WORK REQUEST
Starting at the line that contains "黄色い夏帽子(原画・一点もの)", print each line exactly through the end of the listing. Skip any pictures and add nothing.

DATA TO PROCESS
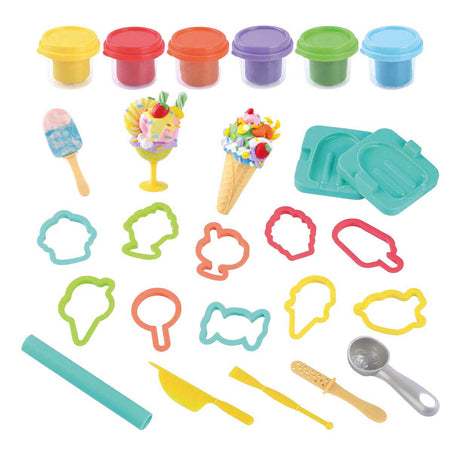 Zestaw gliniany do lodów Playgo Sweets - 6 glinianych garnków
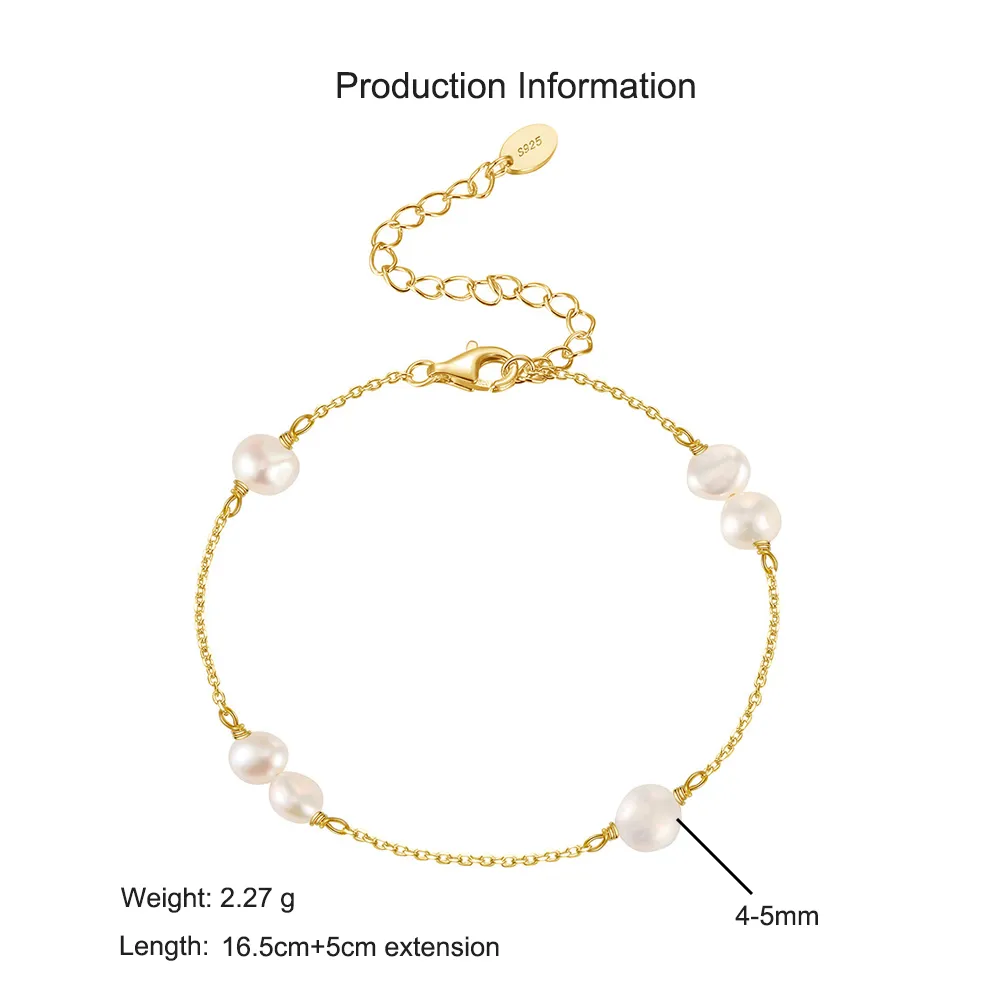 925 Sterling Silver Pearl Dainty Chain Bracelet 100500036 - image2
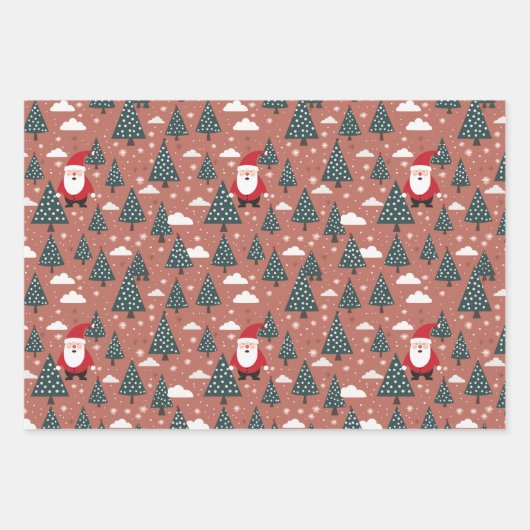 Weihnachtswrapping Paper Sheets Geschenkpapier Set (Vorderseite 2)
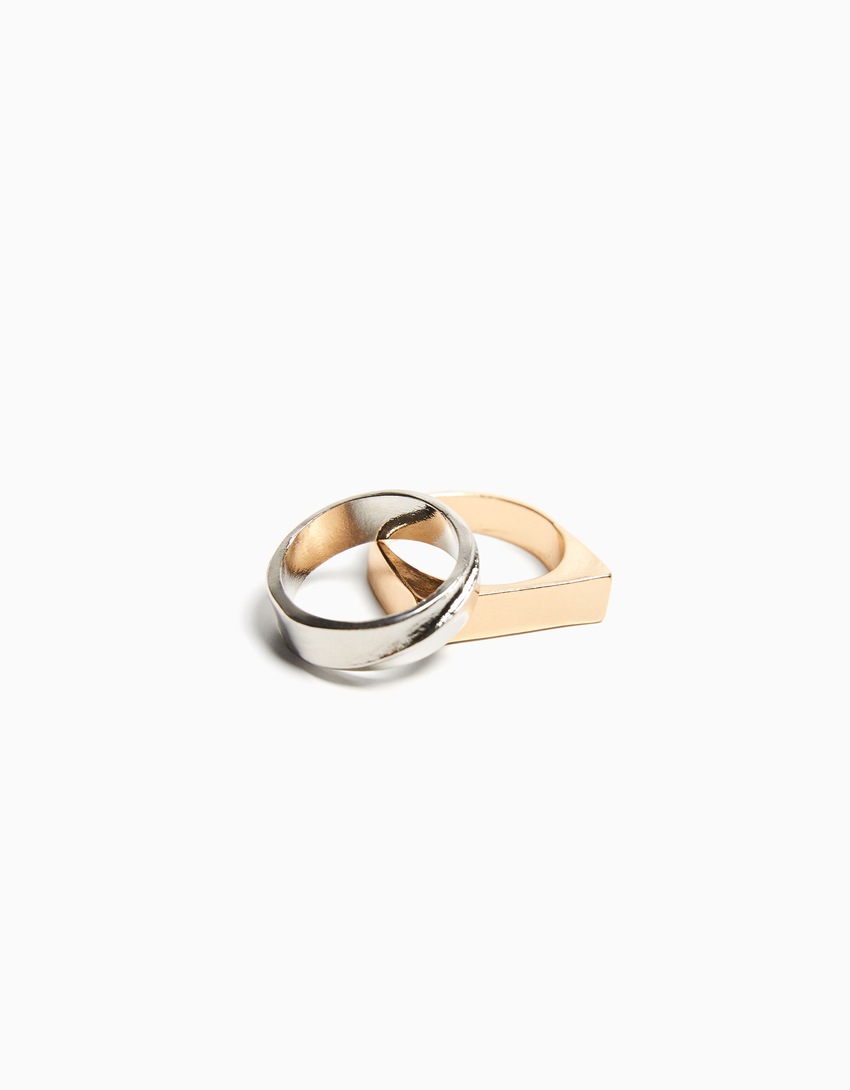 Conjunto de colar com 2 anéis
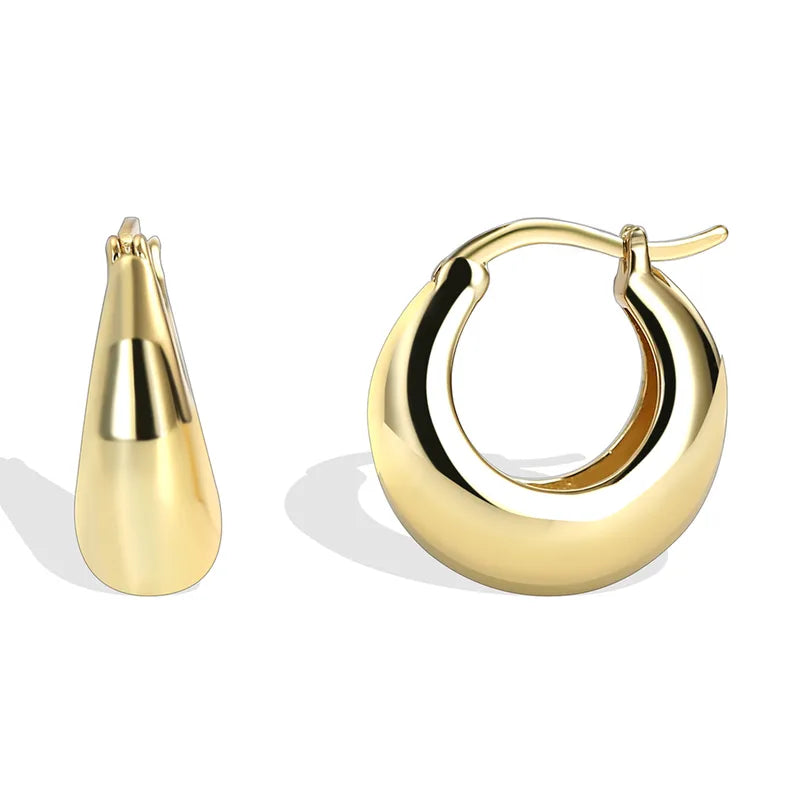 Boucles d’oreilles créoles doré or 18k bombées minimalistes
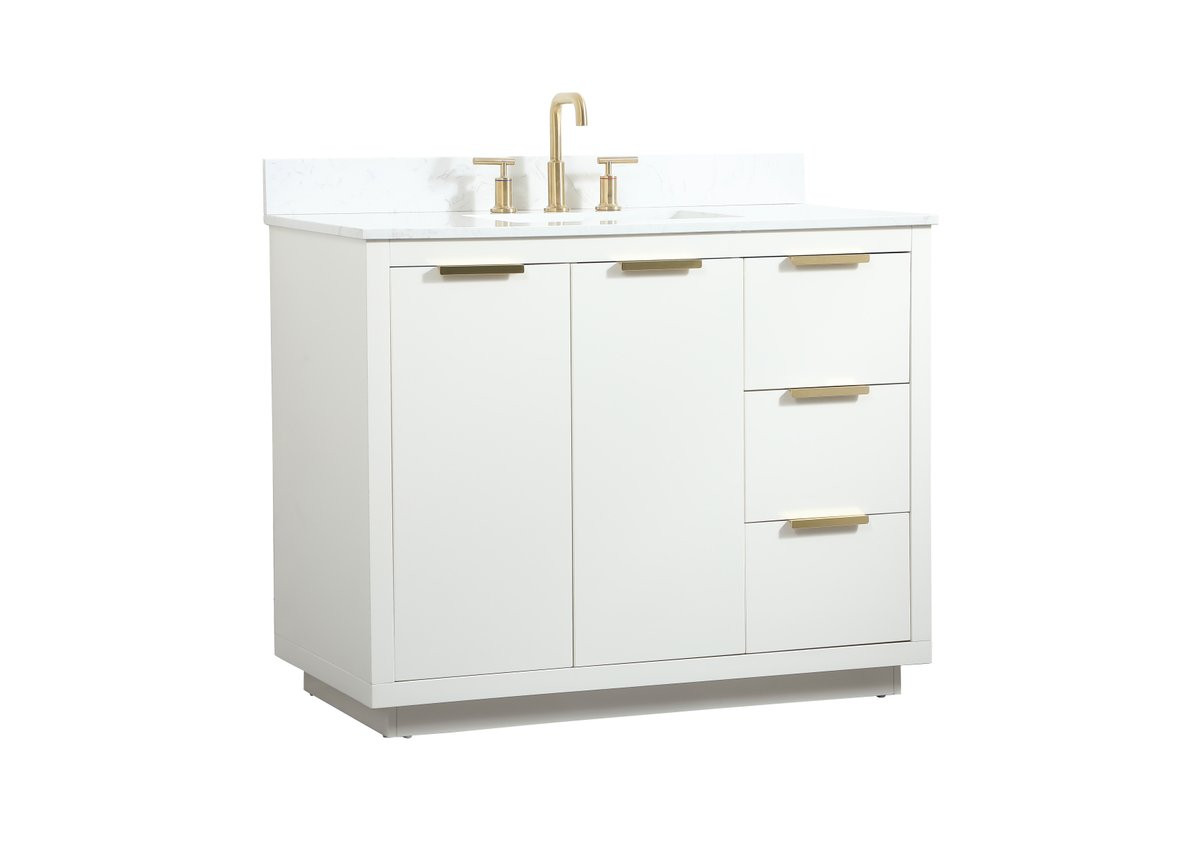 Elegant Decor VF19442WH-BS 42 inch single bathroom vanity in white with backsplash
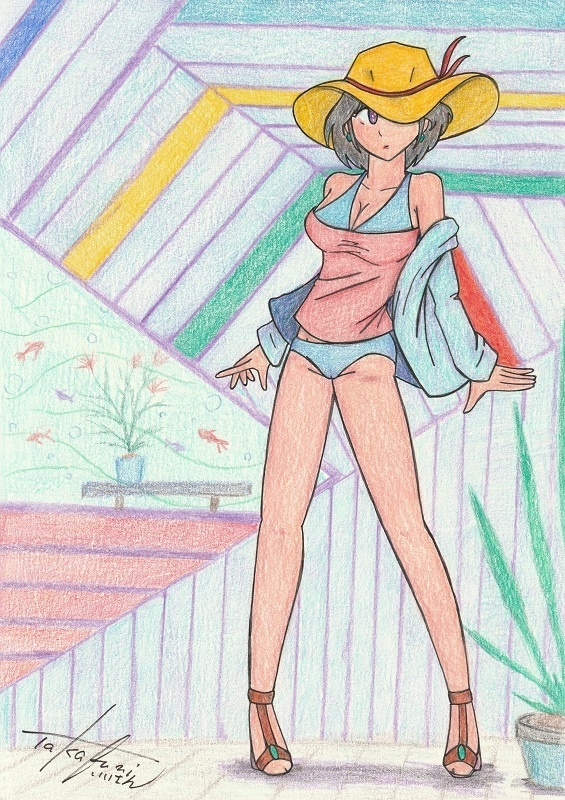 黄色い夏帽子(原画・一点もの)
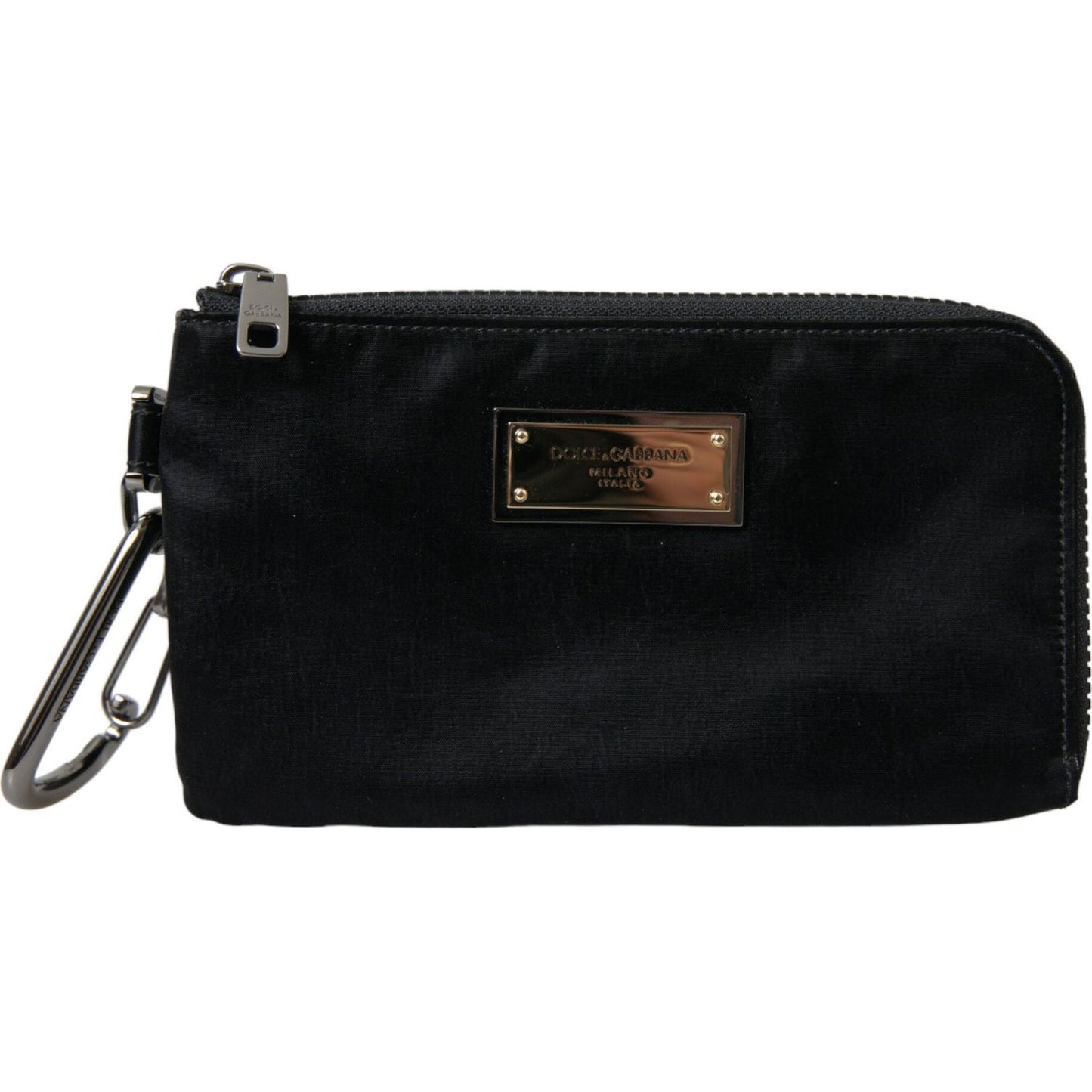 Dolce & Gabbana Sleek Designer Nylon-Leather Pouch in Black Dolce & Gabbana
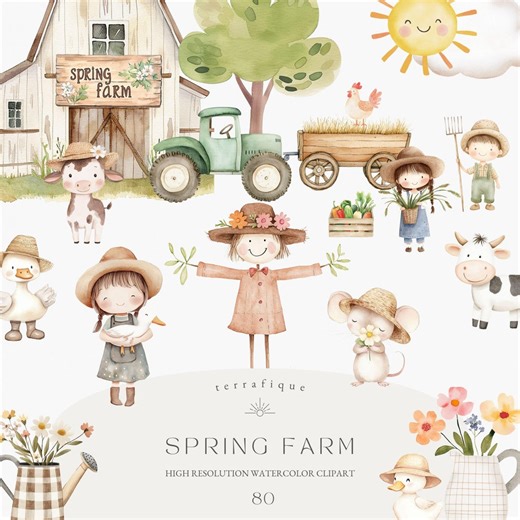 Spring Farm Watercolor Clipart: Kids, Animals, Flowers (PNG) - Etsy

EXERCISE RESPONSE
 黄色い夏帽子(原画・一点もの)
 Dolce & Gabbana Sleek Designer Nylon-Leather Pouch in Black Dolce & Gabbana
 Spring Farm Watercolor Clipart: Kids, Animals, Flowers (PNG) - Etsy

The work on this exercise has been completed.